Data in this exercise below:

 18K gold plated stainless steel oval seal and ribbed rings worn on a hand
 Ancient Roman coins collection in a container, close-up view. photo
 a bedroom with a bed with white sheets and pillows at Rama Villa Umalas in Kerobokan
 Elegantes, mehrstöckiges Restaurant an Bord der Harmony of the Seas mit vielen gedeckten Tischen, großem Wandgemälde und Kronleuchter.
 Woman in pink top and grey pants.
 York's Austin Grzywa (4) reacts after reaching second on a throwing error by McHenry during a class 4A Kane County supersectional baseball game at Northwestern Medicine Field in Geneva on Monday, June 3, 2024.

End of Data in this exercise.
Data in this exercise below:

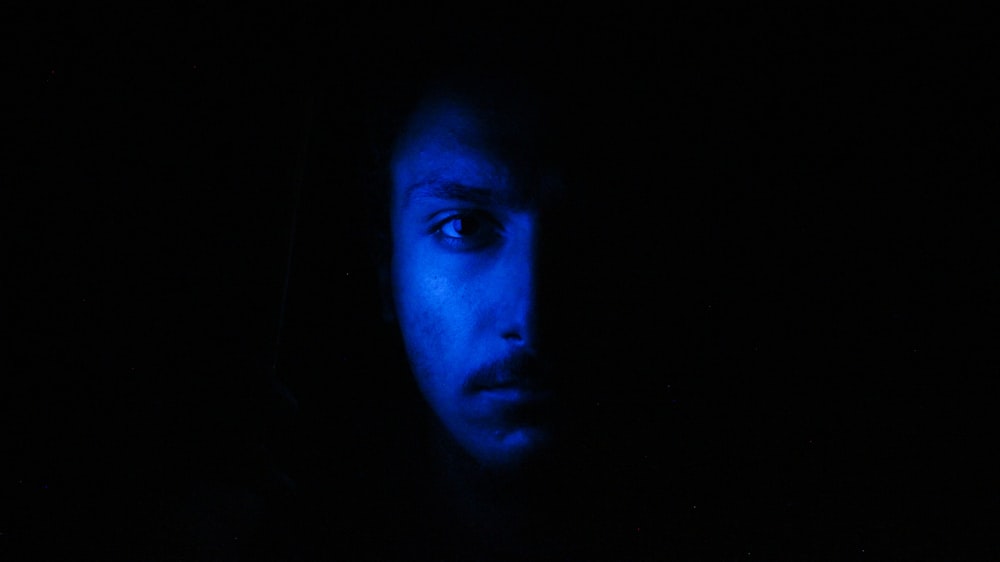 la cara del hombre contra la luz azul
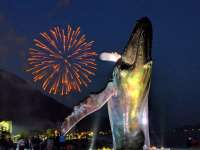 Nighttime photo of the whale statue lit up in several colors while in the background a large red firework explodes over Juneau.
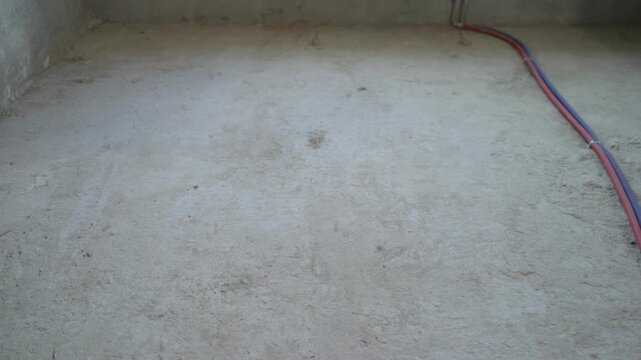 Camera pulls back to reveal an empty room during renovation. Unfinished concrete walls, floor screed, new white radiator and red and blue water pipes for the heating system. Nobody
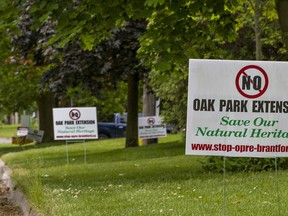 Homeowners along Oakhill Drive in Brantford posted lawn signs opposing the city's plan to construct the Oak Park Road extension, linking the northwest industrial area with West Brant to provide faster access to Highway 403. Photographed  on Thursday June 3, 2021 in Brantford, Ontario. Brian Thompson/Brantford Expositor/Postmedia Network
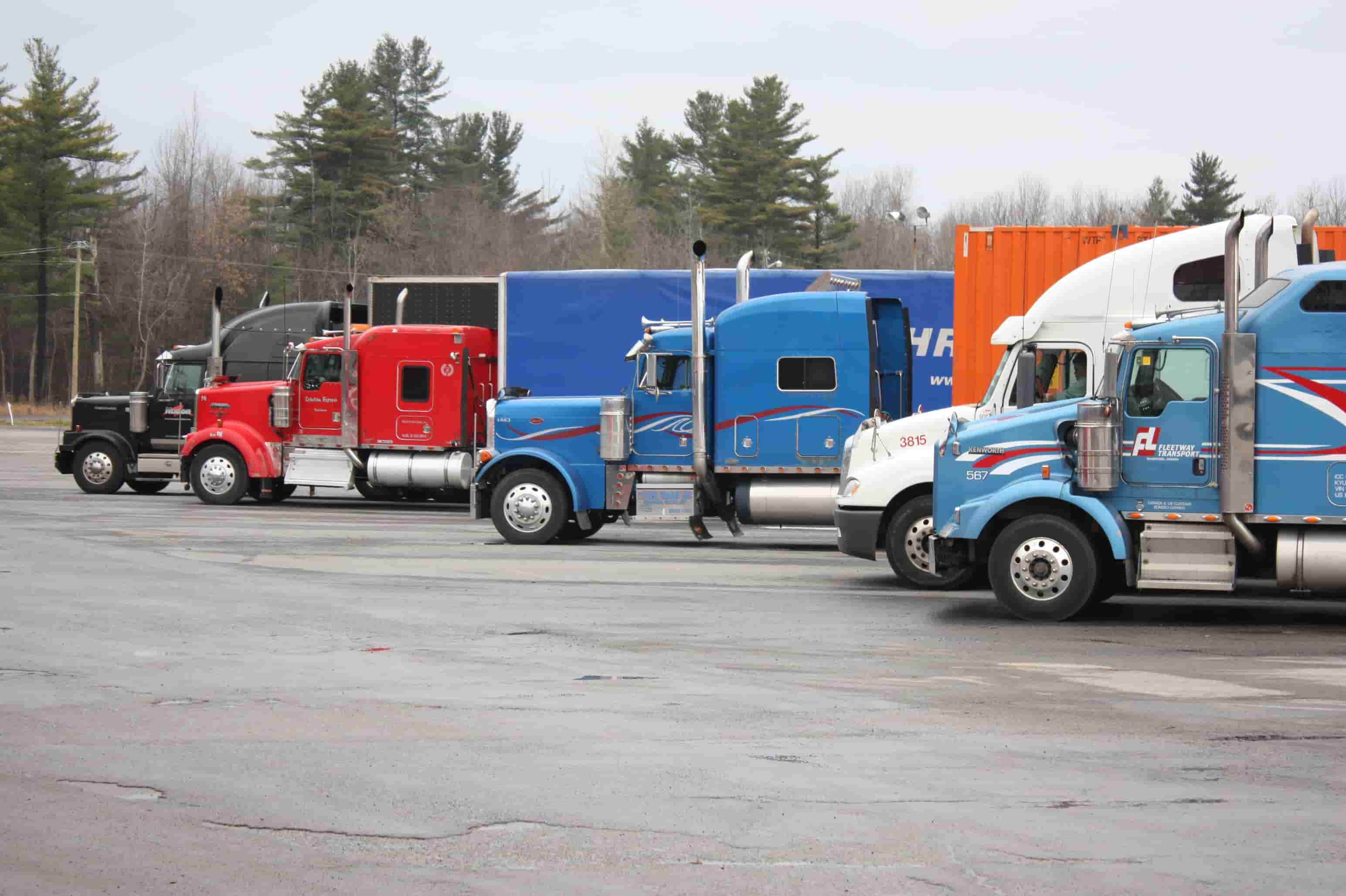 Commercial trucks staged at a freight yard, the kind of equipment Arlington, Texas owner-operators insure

End of Data in this exercise.

#### Your assignment
Quote the data above from the line containing "18K gold plated" to the line containing "York's Austin Grzywa", inclusive, and stop.

#### Task output
 18K gold plated stainless steel oval seal and ribbed rings worn on a hand
 Ancient Roman coins collection in a container, close-up view. photo
 a bedroom with a bed with white sheets and pillows at Rama Villa Umalas in Kerobokan
 Elegantes, mehrstöckiges Restaurant an Bord der Harmony of the Seas mit vielen gedeckten Tischen, großem Wandgemälde und Kronleuchter.
 Woman in pink top and grey pants.
 York's Austin Grzywa (4) reacts after reaching second on a throwing error by McHenry during a class 4A Kane County supersectional baseball game at Northwestern Medicine Field in Geneva on Monday, June 3, 2024.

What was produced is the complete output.